In the listing below, the lines starting at the line with "3D nyomtatott Grinch" and ending at the line with "ZARA. Orange asymmetric knit sweater Tm" are to be output verbatim. Images stay out of the copy.

**Records shown**:
■ ■ ■ ■ ■

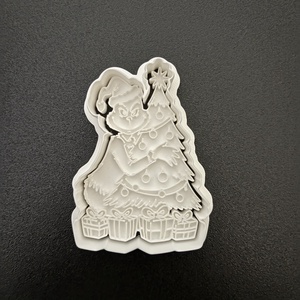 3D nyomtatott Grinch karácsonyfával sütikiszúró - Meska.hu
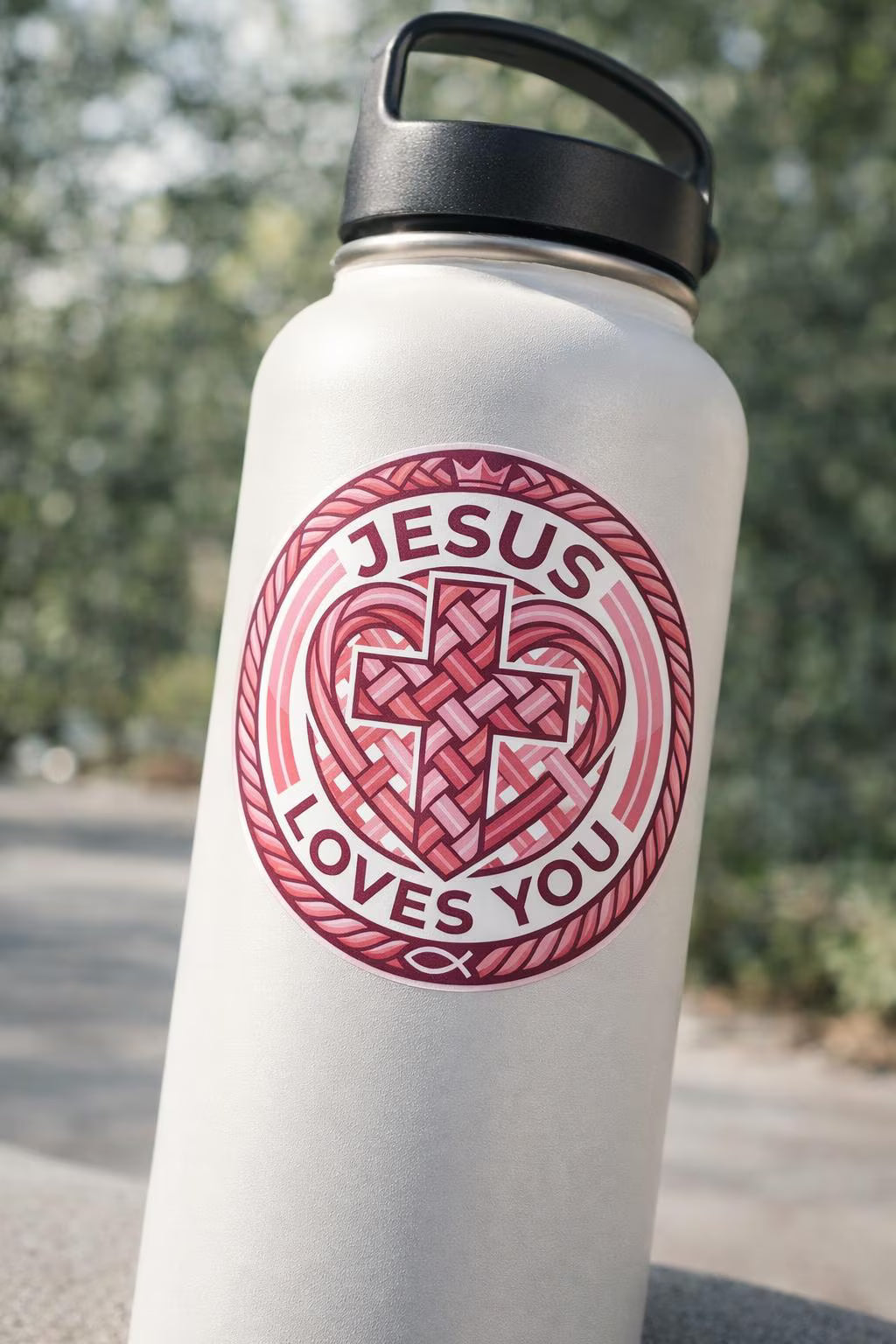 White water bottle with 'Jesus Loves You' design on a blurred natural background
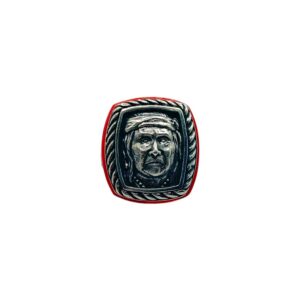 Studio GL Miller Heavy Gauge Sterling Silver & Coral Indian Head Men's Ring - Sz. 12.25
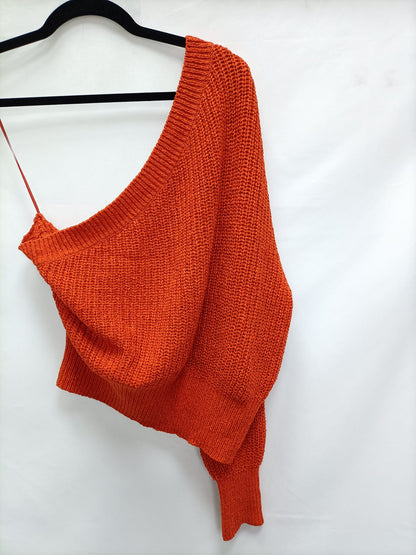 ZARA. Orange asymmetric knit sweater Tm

■ ■ ■ ■ ■

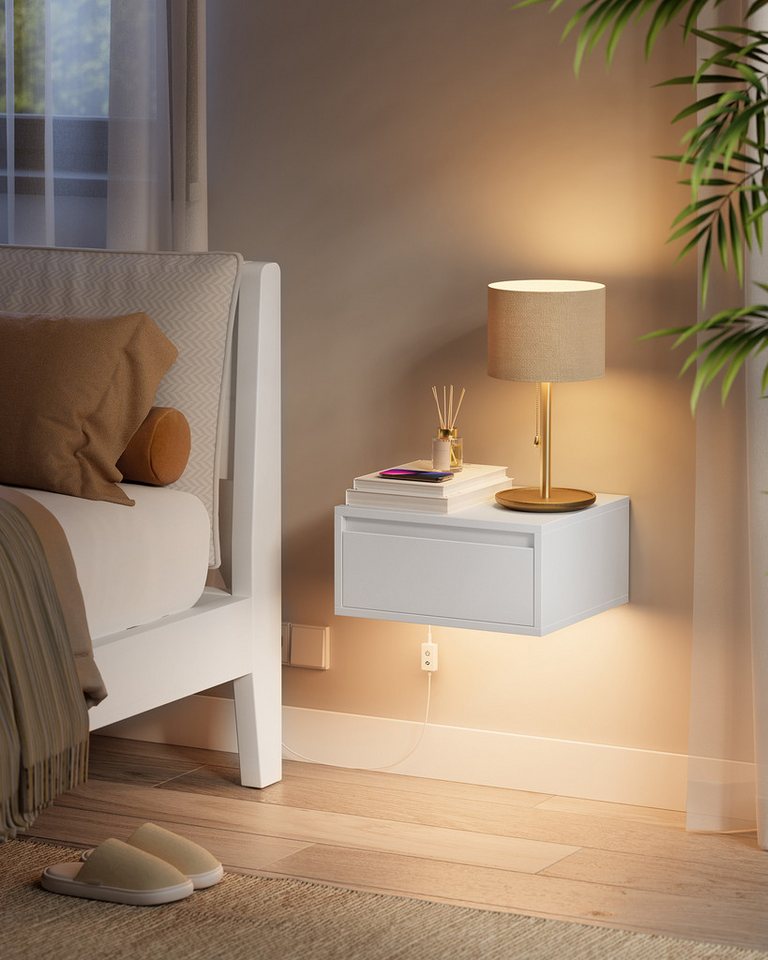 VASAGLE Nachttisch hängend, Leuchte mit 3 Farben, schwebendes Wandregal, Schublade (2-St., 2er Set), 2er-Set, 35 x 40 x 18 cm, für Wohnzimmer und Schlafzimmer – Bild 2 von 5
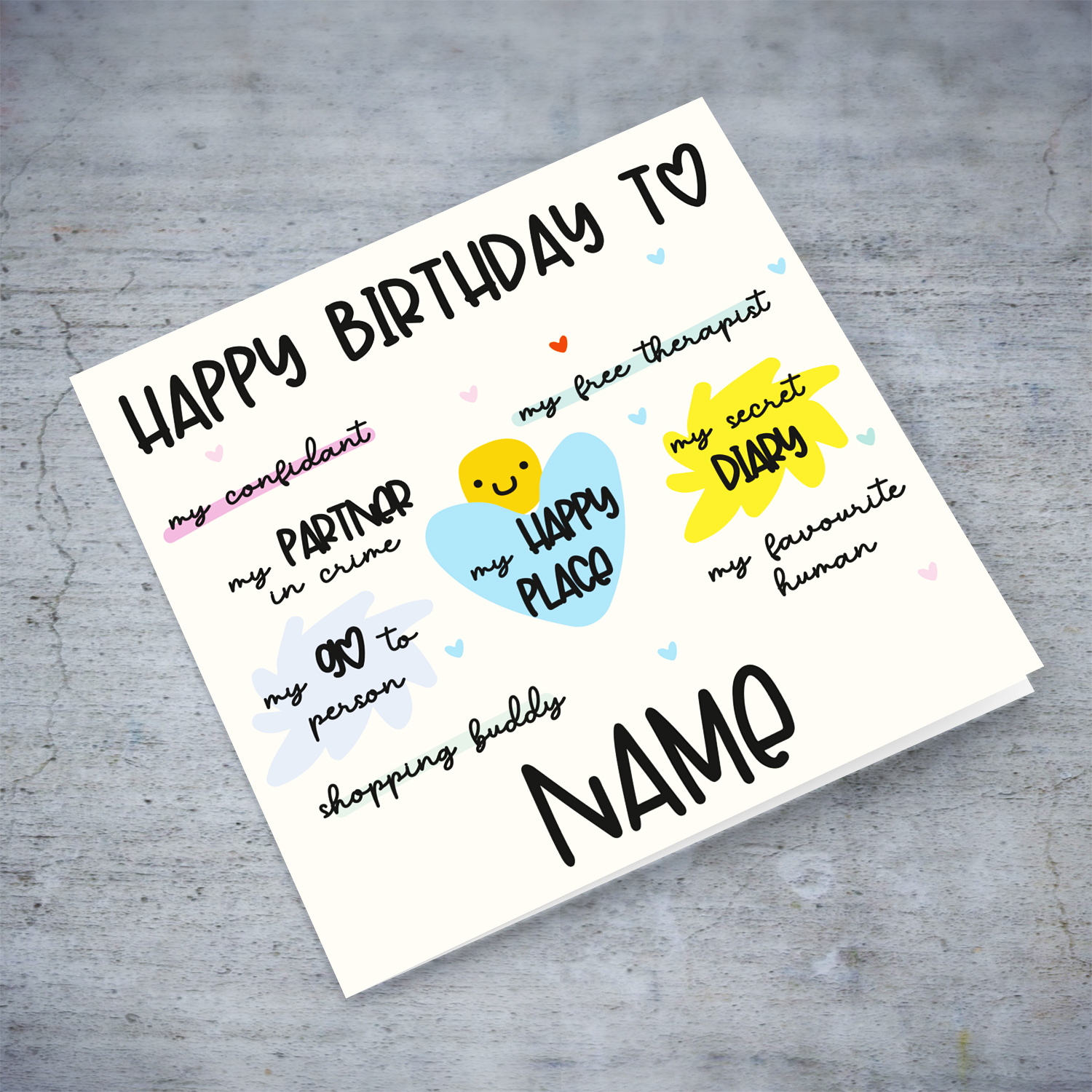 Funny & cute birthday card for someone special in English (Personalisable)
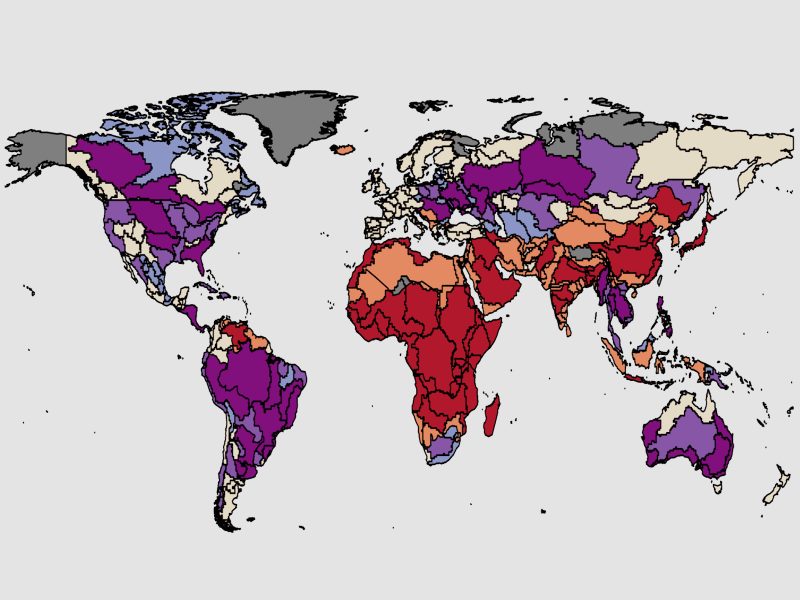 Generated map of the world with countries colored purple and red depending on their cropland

■ ■ ■ ■ ■

**Exercise output**:
 3D nyomtatott Grinch karácsonyfával sütikiszúró - Meska.hu
 White water bottle with 'Jesus Loves You' design on a blurred natural background
 Studio GL Miller Heavy Gauge Sterling Silver & Coral Indian Head Men's Ring - Sz. 12.25
 ZARA. Orange asymmetric knit sweater Tm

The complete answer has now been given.